* What is required
From the line holding "陳志強（左）自曝半夜出車禍。翻攝IG @johnjohn1002" through the line holding "7959 Hemlock Dr, Lakeport, MI 48059 Zillow" below, write out every line exactly; include both of those lines and drop the pictures.

* Record set
★ ★ ★ ★ ★ ★ ★

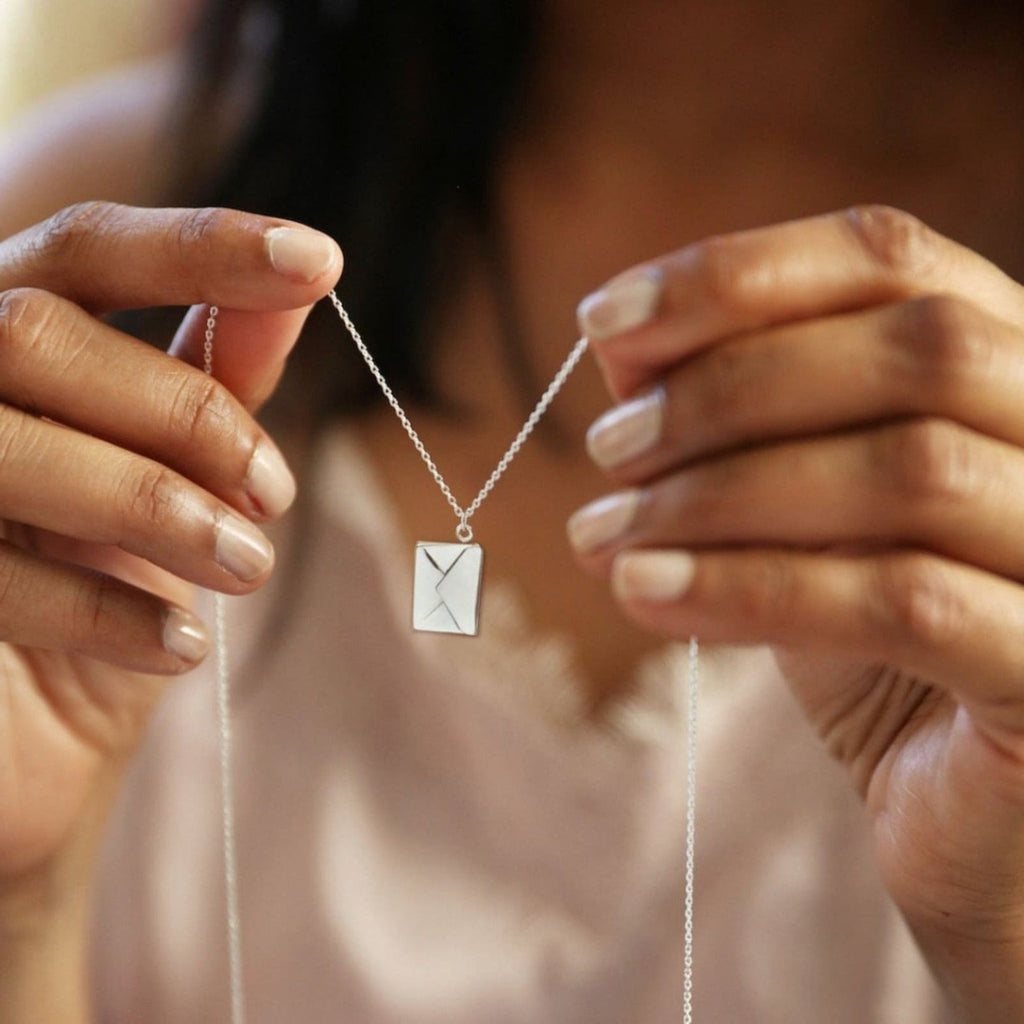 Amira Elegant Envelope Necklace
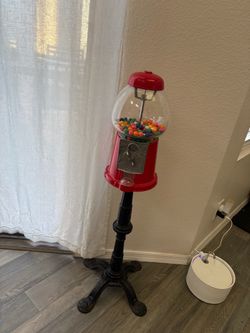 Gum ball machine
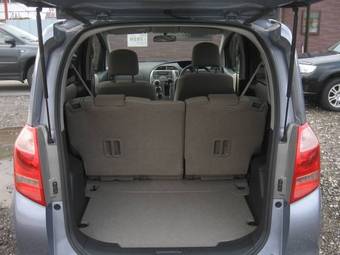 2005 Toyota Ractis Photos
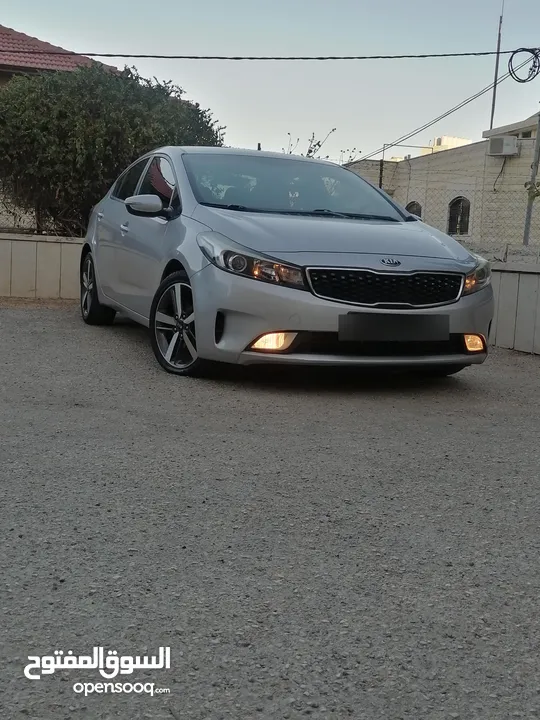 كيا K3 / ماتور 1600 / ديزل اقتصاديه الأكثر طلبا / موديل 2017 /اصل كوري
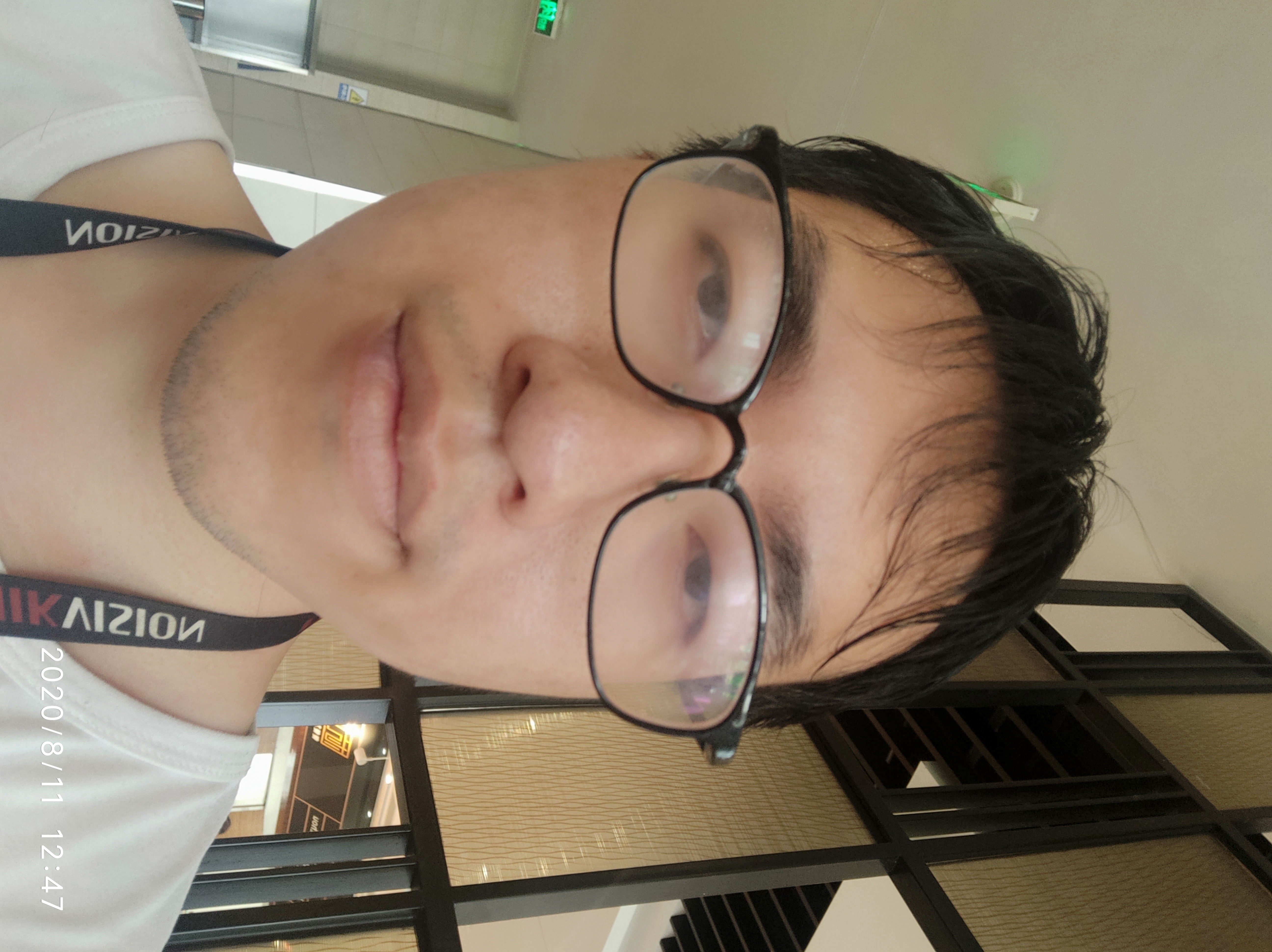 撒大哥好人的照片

★ ★ ★ ★ ★ ★ ★

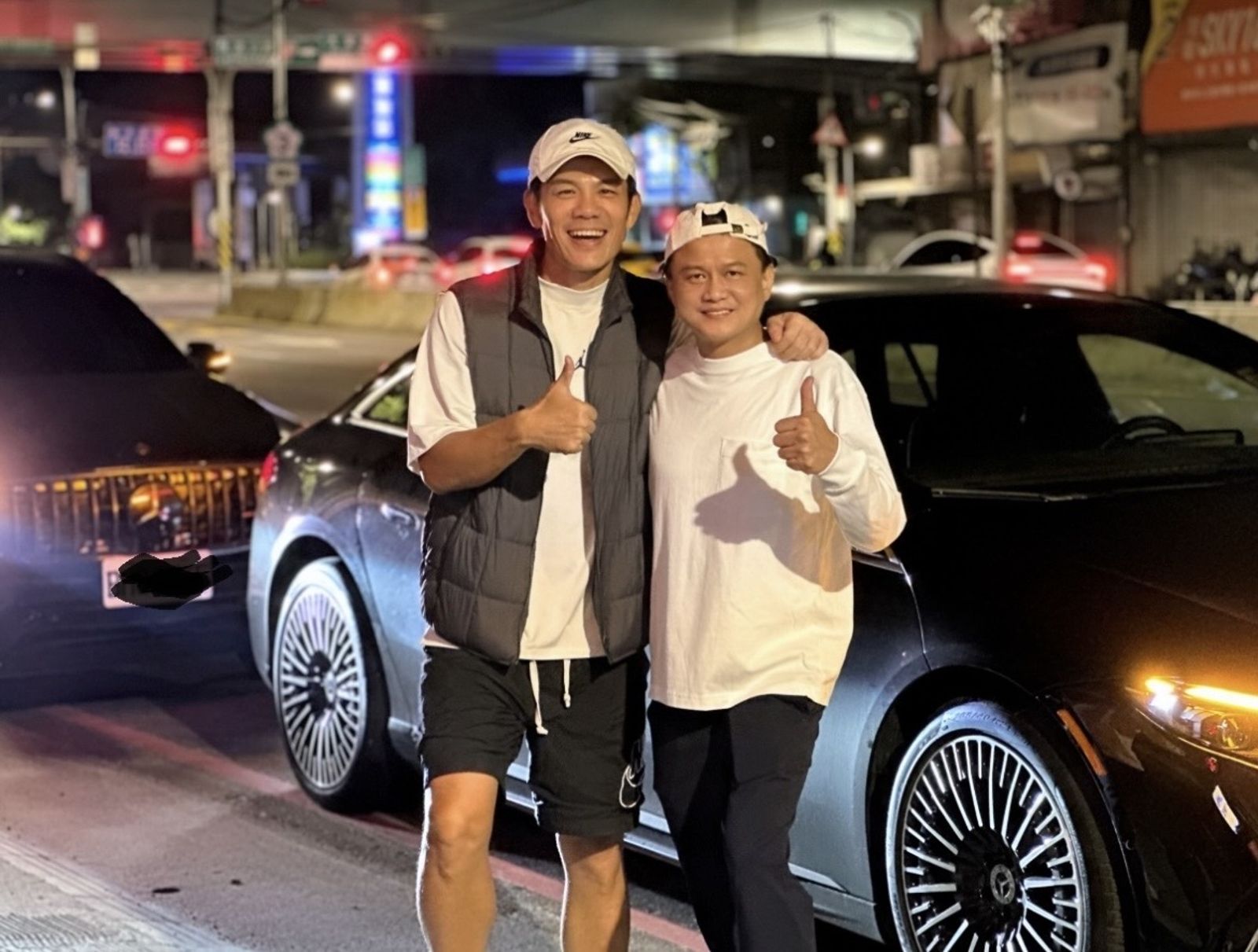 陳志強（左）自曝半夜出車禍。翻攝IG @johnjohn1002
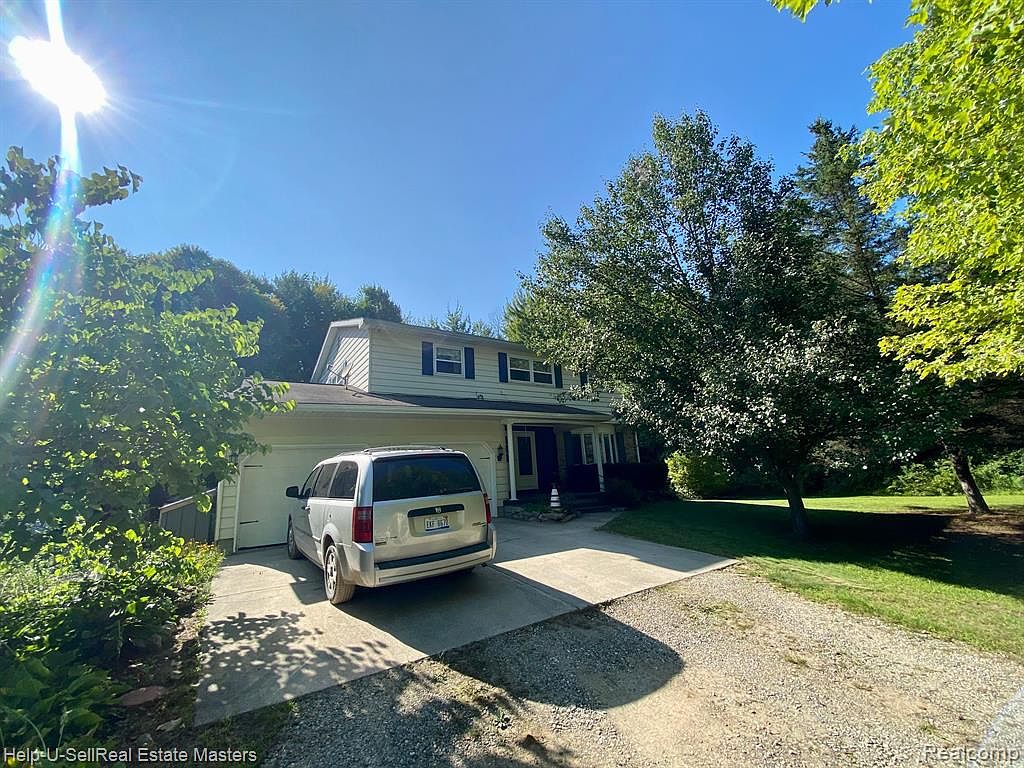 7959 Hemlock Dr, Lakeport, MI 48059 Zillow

★ ★ ★ ★ ★ ★ ★

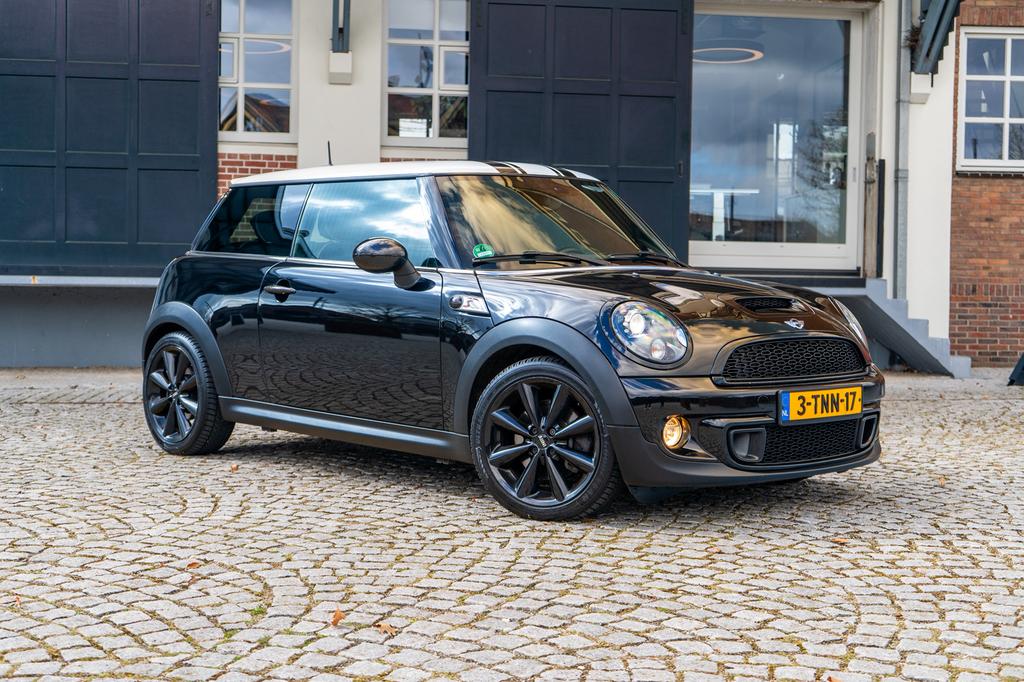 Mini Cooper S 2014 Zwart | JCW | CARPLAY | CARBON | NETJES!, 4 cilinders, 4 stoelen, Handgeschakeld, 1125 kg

★ ★ ★ ★ ★ ★ ★

* Response
 陳志強（左）自曝半夜出車禍。翻攝IG @johnjohn1002
 7959 Hemlock Dr, Lakeport, MI 48059 Zillow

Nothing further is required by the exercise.